** Opening Stored data block **

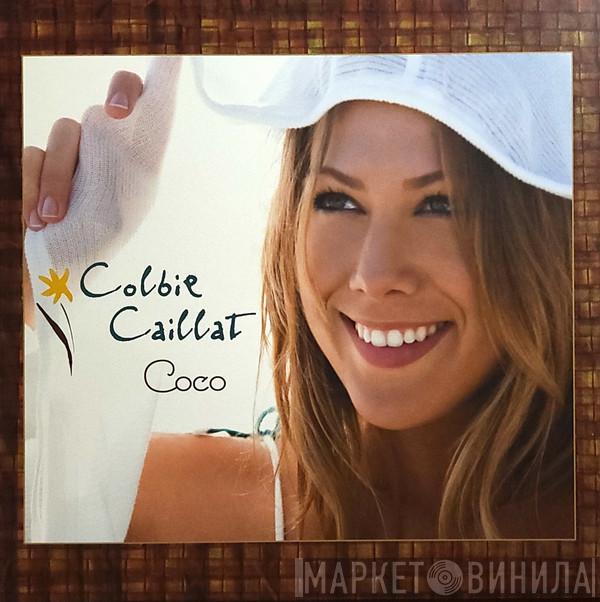 Colbie Caillat - Coco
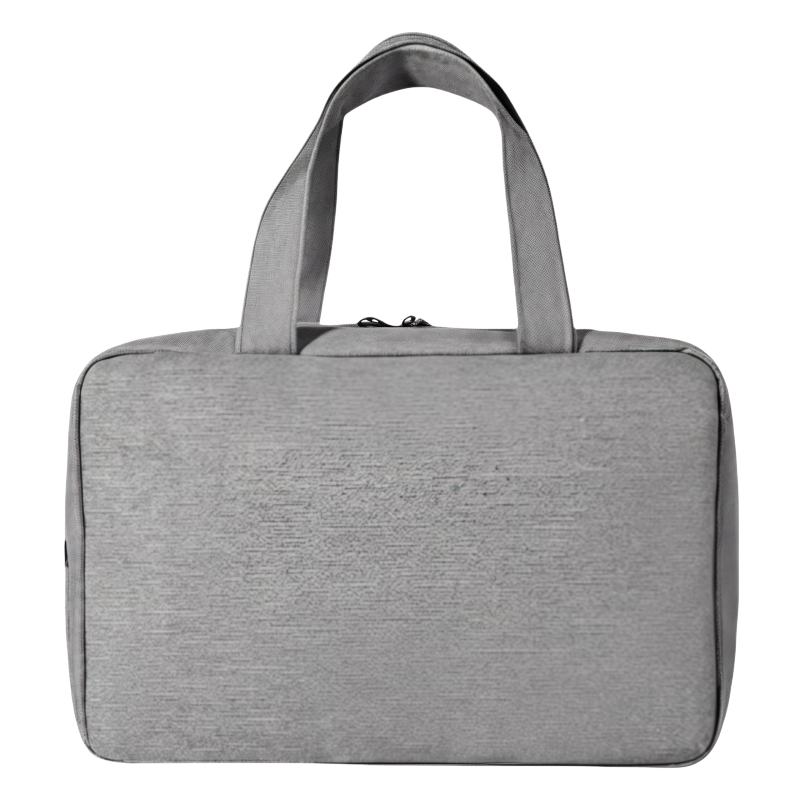 铁洋 四折洗漱包 TY-XSB004 个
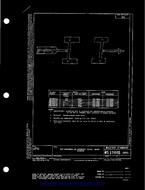 MIL MS17005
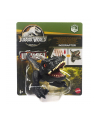 mattel JURASSIC WORLD dinozaury mini HJB51 /4 - nr 6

** Closing Stored data block **

None of the pictures belong in the copy; transcribe the rest of the data exactly.

Response to this exercise
 Colbie Caillat - Coco
 铁洋 四折洗漱包 TY-XSB004 个
 MIL MS17005
 mattel JURASSIC WORLD dinozaury mini HJB51 /4 - nr 6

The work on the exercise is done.